Tonight, Nonni and Elsa took us on a drive after supper. I was so exhausted from having (a) mended fences and (b) pushed a lawnmower over half the country this afternoon, but I can’t say no to a night drive. Especially when the hills are dotted with ancient stone foundations from the years of sheep farming on Dýrafjörður (my fjord).

We drove about 13 kilometers up the road to an unpaved drive which ran along the cliff top by the sea. The 8pm sun glared at us from Greenland, which Nonni says you can see if the day is clear enough (I’m not sure if he was serious, though). Then suddenly, we rounded a curve into a large field by the sea, at the base of a really spectacular mountain. An abandoned house sagged to our right, and to our left ewes and their lambs grazed along the cliff tops.

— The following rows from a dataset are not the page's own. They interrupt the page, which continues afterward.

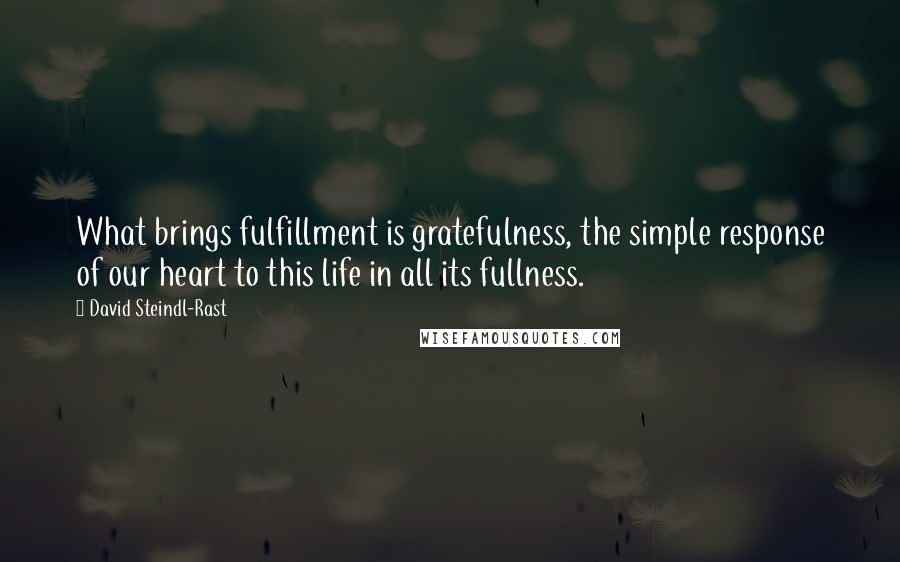 David Steindl-Rast Quotes: What brings fulfillment is gratefulness, the simple response of our heart to this life in all its fullness.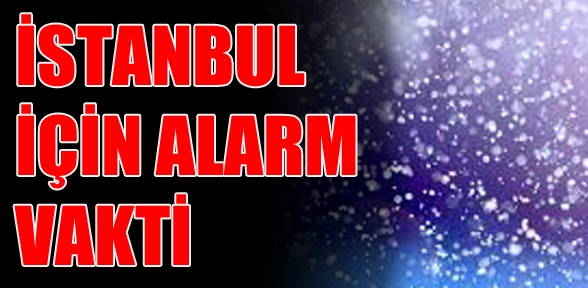 istanbul için şiddetli yağış alarmı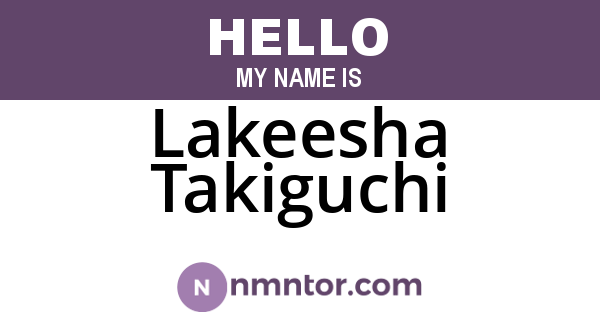 Lakeesha Takiguchi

“Nonni and his father used to visit the lady who lived here, when Nonni was a little boy,” Elsa told us. “They would come have coffee.”

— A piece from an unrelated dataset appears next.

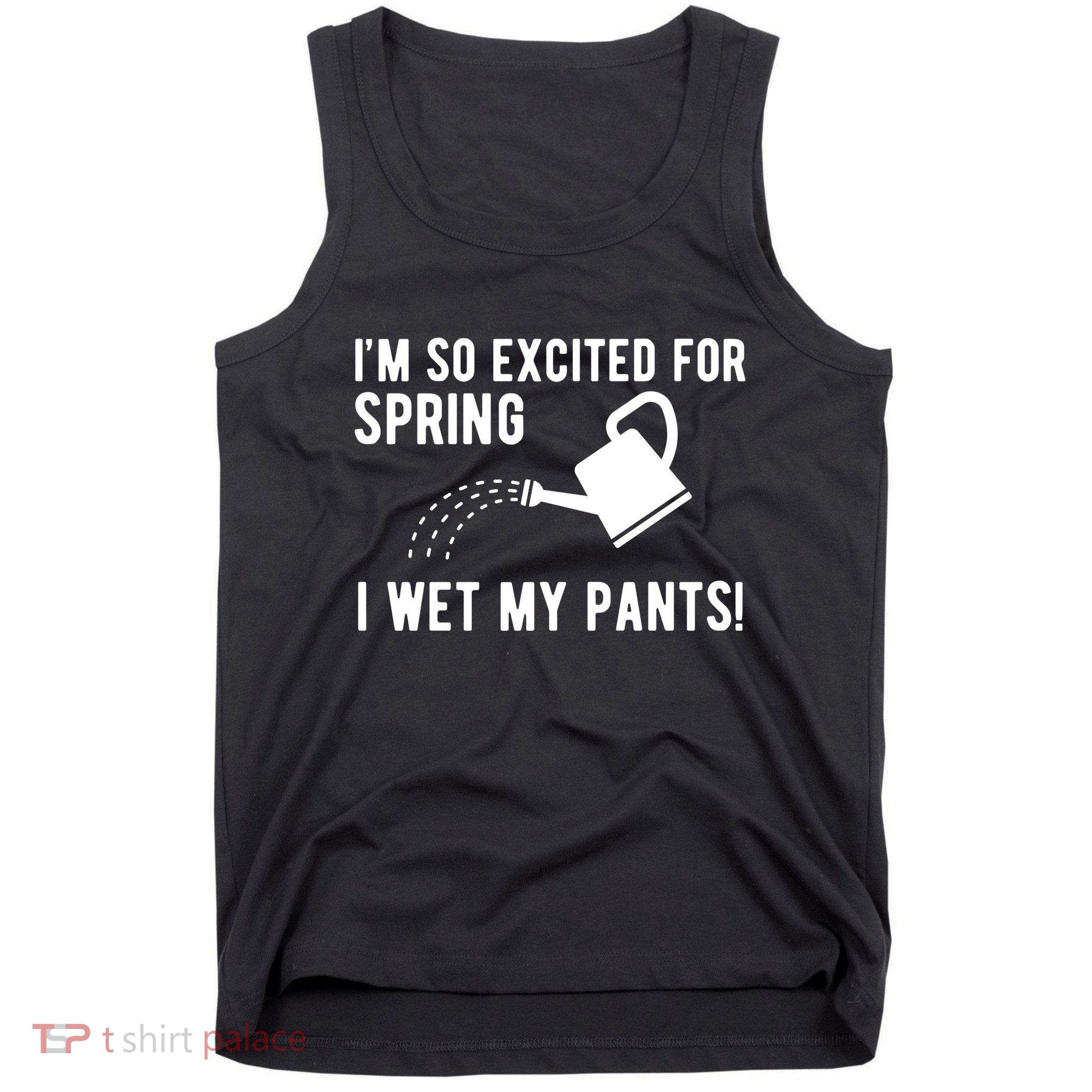 Im So Excited For Spring I Wet My Pants Funny Tank Top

After we explored the rocky seaside, I asked Nonni to pull over by the house on our way back so I could explore. Elsa told the story of the house:
“The lady who used to live here was born and grew up in this house. She married a sea captain, and moved to Reykjavik. But she always wanted to come back to her childhood home, so her husband told her, ‘when I retire, we can move back.’”
“Years later, he retired. But even then, the company wanted him to go out a final time on the sea. So he went out, and he never came home. He drowned at sea.
“The lady moved back here and spent the rest of her life in this house. When she died, she gave everything she owned and all her money to a church in Reykjavik.”
The house is falling apart now, but it was haunting to watch Nonni walk through it and remember when it was lived in and loved.

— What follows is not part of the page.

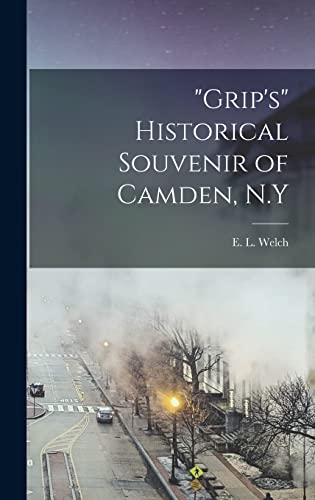 Stock image for Grip's Historical Souvenir of Camden, N.Y for sale by GreatBookPrices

There are so many old places like that around here. In most of the sheep fields, stone foundations of ancient barns and houses lie overgrown with loamy moss and grass. Nonni will point them out, saying, “look, there. Err old Iceland house.”
None of these ruins are particularly striking, like the ancient castles that loom in the Scottish Highlands or German countryside. What the Vikings lacked in architectural skill, they more than compensated for with their talent for kidnapping and pillaging (among other unmentionable atrocities). Or perhaps they were too busy out drinking mead and chopping heads off to ever spend much time refining their houses.
Today while mending fences Nonni and I passed the remains of one such house. “Nonni,” I said. “Is that a Viking house?”
He looked. A stone wall ran a few feet from the barely discernible foundation. “That is old ship [sheep] house. Long time ago, woman and children bring ship there. They milked ship.” (I have tried telling him it’s shEEp, not ship. But I don’t think he understands.)
“Were they Vikings?” I asked.
“I don’t know, maybe not that old.”
“So 500 years?”
“Probably more old.”
“Let’s just say it was a Viking house.”
He laughed and nodded, so now it’s agreed: I live next to Viking ruins.
There are some official Viking ruins near Þingeyri, the town across the fjord (Dýrafjörður). Dýrafjörður is also the setting of the Gísli Saga, an ancient legend that involves jilted husbands and bloody retribution among the Vikings who once lived here.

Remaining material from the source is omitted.